Pursuant to Rule 8, a complaint must contain “a short and plain statement of the claim showing that the pleader is entitled to relief.” Fed.R.Civ.P. 8(a). Detailed factual allegations are not required, but “[t]hreadbare recitals of the elements of a cause of action, supported by mere conclusory statements, do not suffice.” Iqbal, 556 U.S. at 678 (citation omitted). Plaintiff must set forth “sufficient factual matter, accepted as true, to ‘state a claim to relief that is plausible on its face.'” Iqbal, 556 U.S. at 678 (quoting Twombly, 550 U.S. at 555). While factual allegations are accepted as true, legal conclusions are not. Id.; see also Twombly, 550 U.S. at 556-57; Moss, 572 F.3d at 969.

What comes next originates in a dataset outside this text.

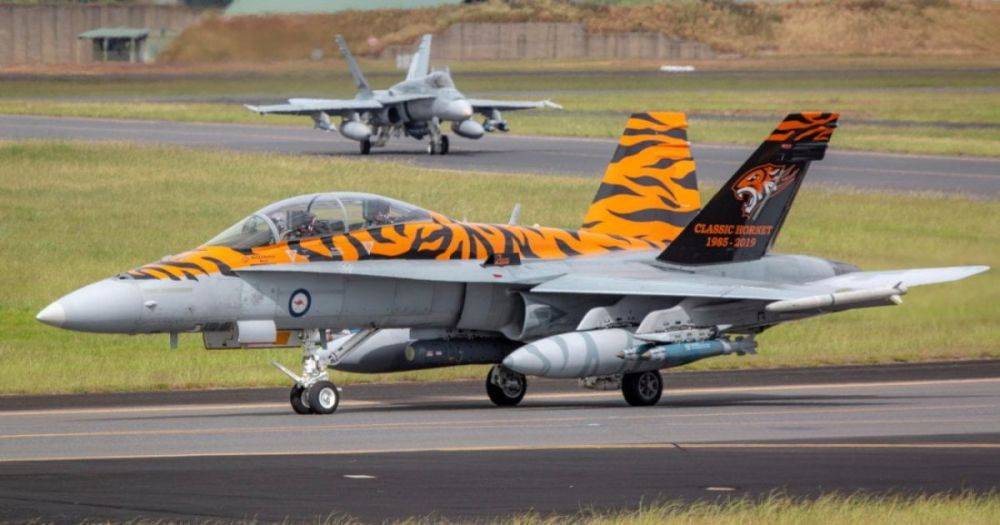 Австралия может передать Украине истребители F/A-18: какое вооружение имеет самолет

Here, Plaintiff's complaint is short, but it is not a plain statement of his claims showing that he is entitled to relief. As in the first amended complaint, Plaintiff's allegations remain conclusory and do not state what happened, when it happened, or which defendant was involved. General assertions regarding Plaintiff's appeals are not sufficient, and Plaintiff may not merely state the elements of a cause of action without providing any factual allegations in support of his claims. Plaintiff was informed that how his appeals were processed is not a protected constitutional right. Conclusory allegations that he was forced to “modify his behavior” or “eating habits and practices” are not factual allegations. Plaintiff has been unable to cure this deficiency.

B. Supervisory Liability

To the extent Plaintiff seeks to hold Warden Sherman, or any defendant, liable based solely upon their supervisory role, he may not do so. Liability may not be imposed on supervisory personnel for the actions or omissions of their subordinates under the theory of respondeat superior. Iqbal, 556 U.S. at 676-77; Simmons v. Navajo Cty., Ariz., 609 F.3d 1011, 1020-21 (9th Cir. 2010); Ewing v. City of Stockton, 588 F.3d 1218, 1235 (9th Cir. 2009); Jones v. Williams, 297 F.3d 930, 934 (9th Cir. 2002). “A supervisor may be liable only if (1) he or she is personally involved in the constitutional deprivation, or (2) there is a sufficient causal connection between the supervisor's wrongful conduct and the constitutional violation.” Crowley v. Bannister, 734 F.3d 967, 977 (9th Cir. 2013) (citation and quotation marks omitted); accord Lemire v. Cal. Dep't of Corrs. & Rehab., 726 F.3d 1062, 1074-75 (9th Cir. 2013); Lacey v. Maricopa Cty., 693 F.3d 896, 915-16 (9th Cir. 2012) (en banc). “Under the latter theory, supervisory liability exists even without overt personal participation in the offensive act if supervisory officials implement a policy so deficient that the policy itself is a repudiation of constitutional rights and is the moving force of a constitutional violation.” Crowley, 734 F.3d at 977 (citing Hansen v. Black, 885 F.2d 642, 646 (9th Cir. 1989)) (internal quotation marks omitted).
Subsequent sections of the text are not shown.